**DATA TO EXAMINE:**

'''

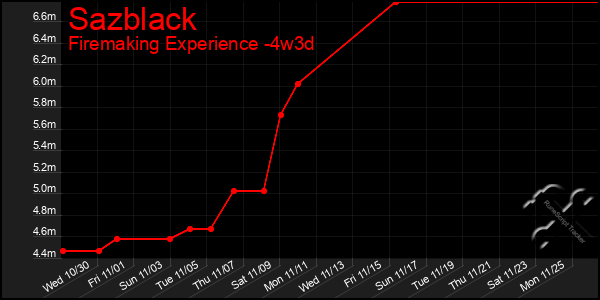 Last 31 Days Graph of Sazblack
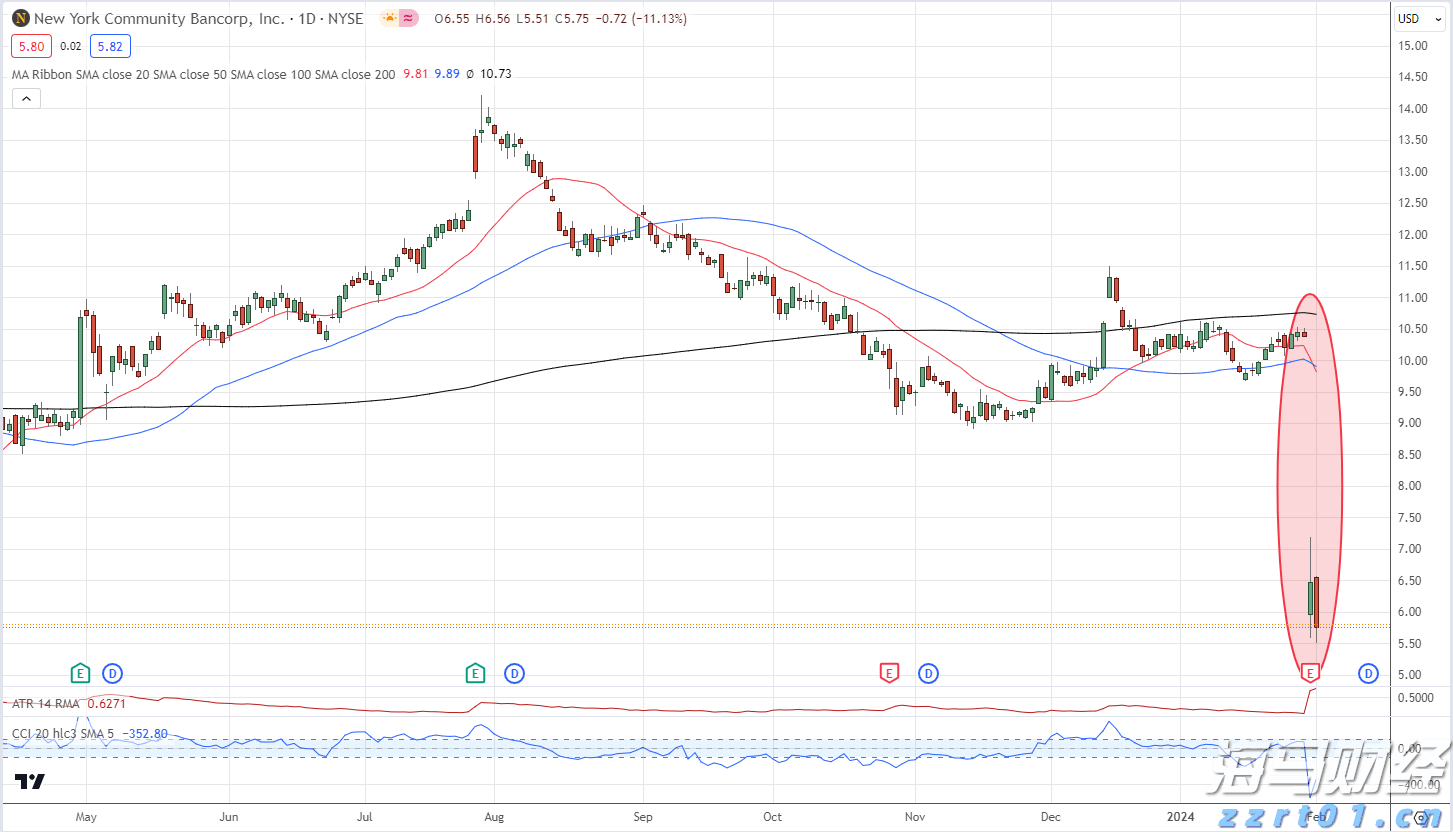 A股公告精选 | 药明康德(603259.SH)调整股份回购价格不超114.15元/股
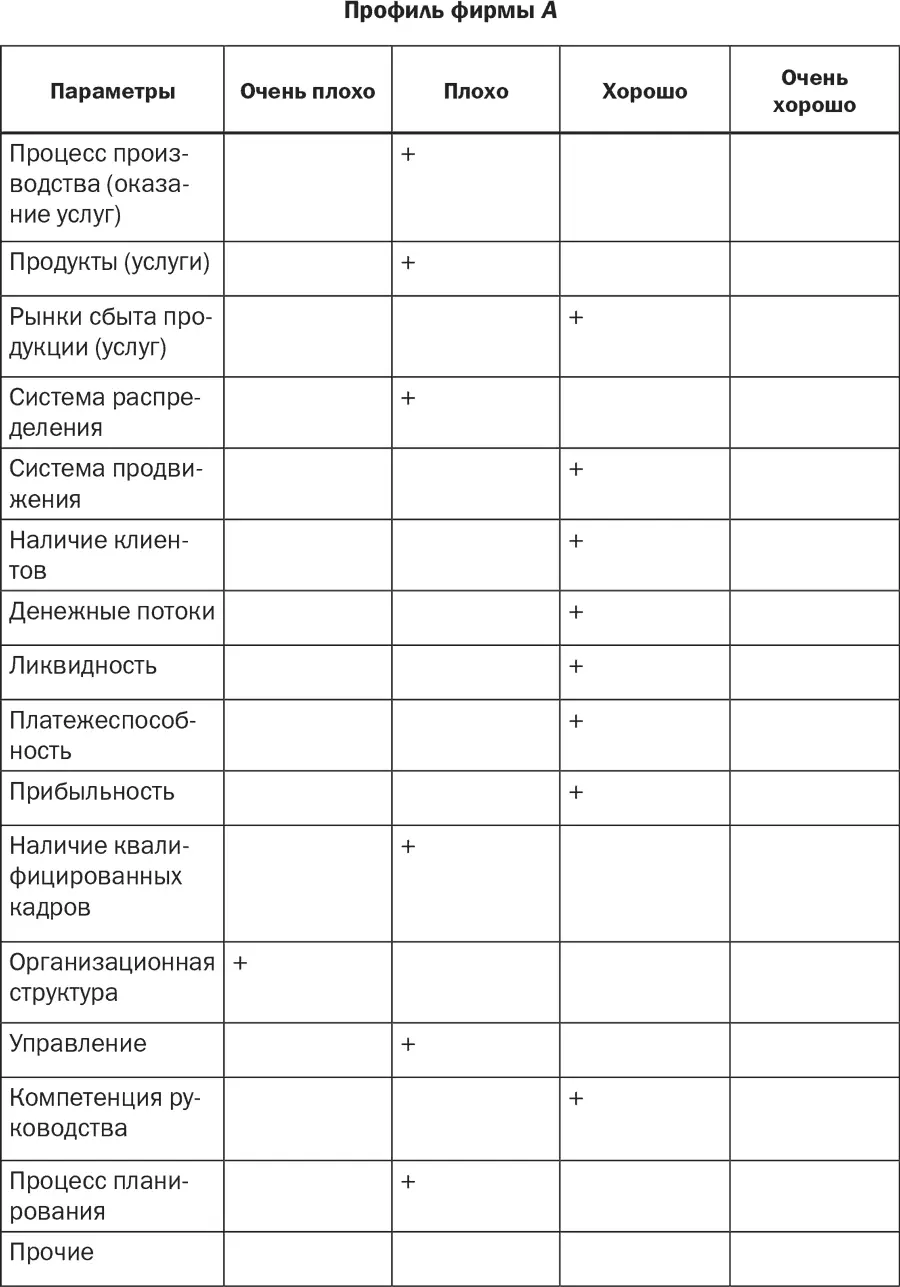 Если оценки принципиально сходятся все нормально Но нередко возникают - фото 40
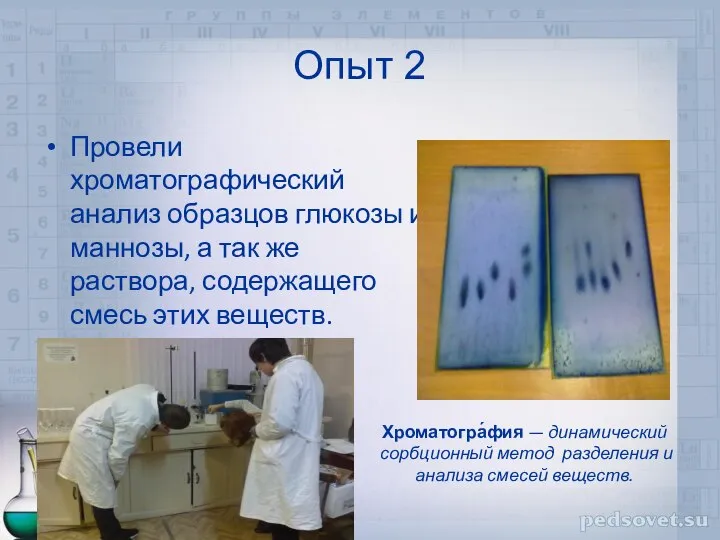 Опыт 2 Провели хроматографический анализ образцов глюкозы и маннозы, а так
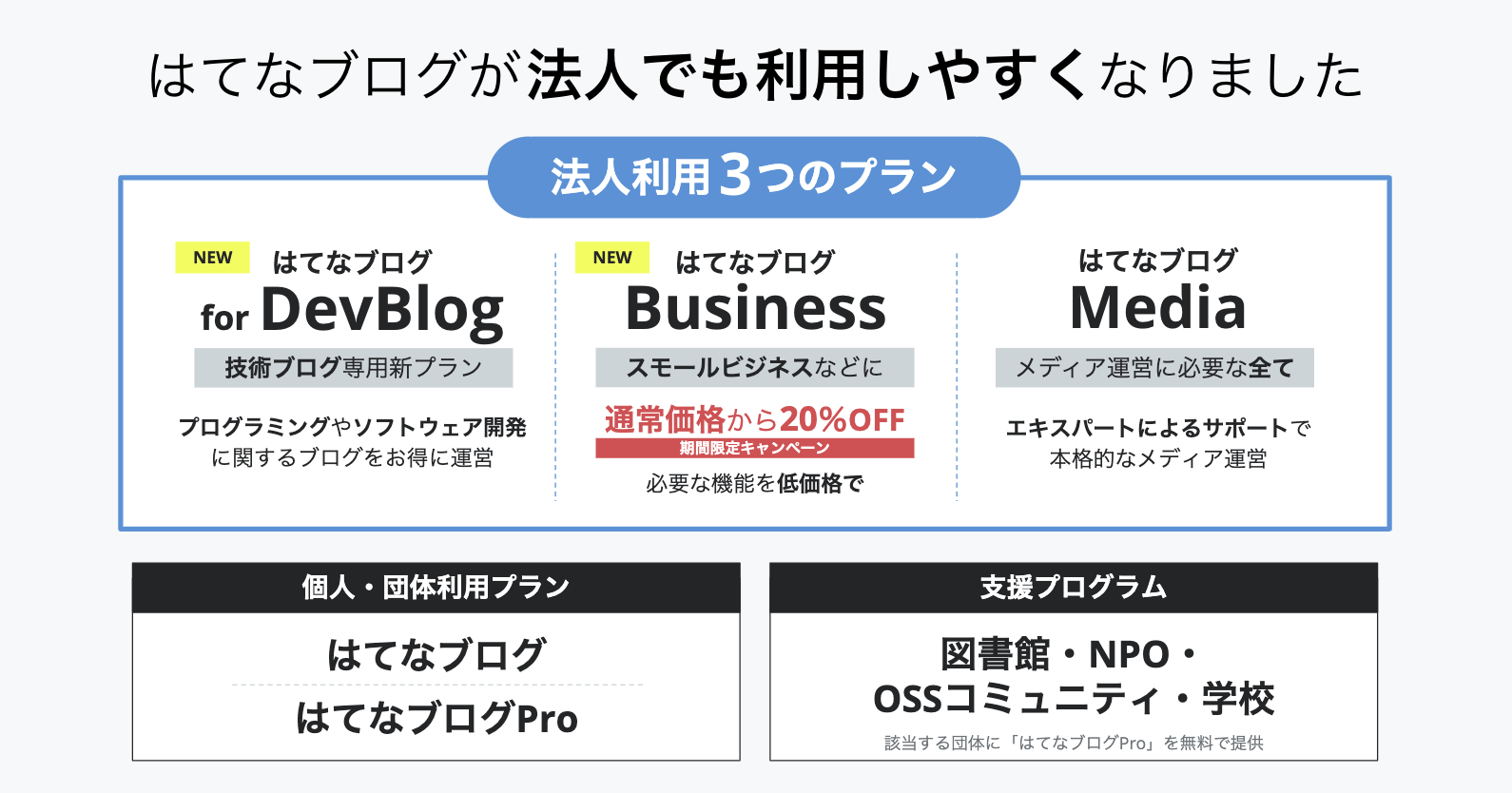 はてなブログが法人でも利用しやすくなりました 法人利用3つのプラン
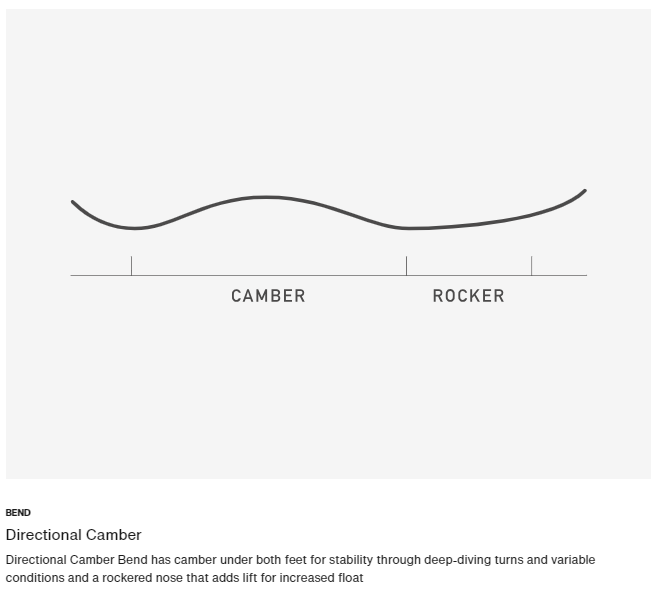 Burton Cartographer Snowboard 2026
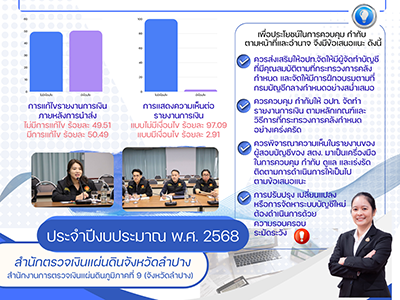 การนำส่งรายงานการเงินและผลการตรวจสอบรายงานการเงินขององค์กรปกครองส่วนท้องถิ่นลำปาง เพื่อประโยชน์ในการควบคุม กำกับ ตามหน้าที่และอำนาจ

'''

**YOUR GOAL:**
Locate the line containing "Burton Cartographer Snowboard 2026" in the records above, then output it and every line after it through the last, excluding pictures.

**THE COMPLETED TASK:**
 Burton Cartographer Snowboard 2026
 การนำส่งรายงานการเงินและผลการตรวจสอบรายงานการเงินขององค์กรปกครองส่วนท้องถิ่นลำปาง เพื่อประโยชน์ในการควบคุม กำกับ ตามหน้าที่และอำนาจ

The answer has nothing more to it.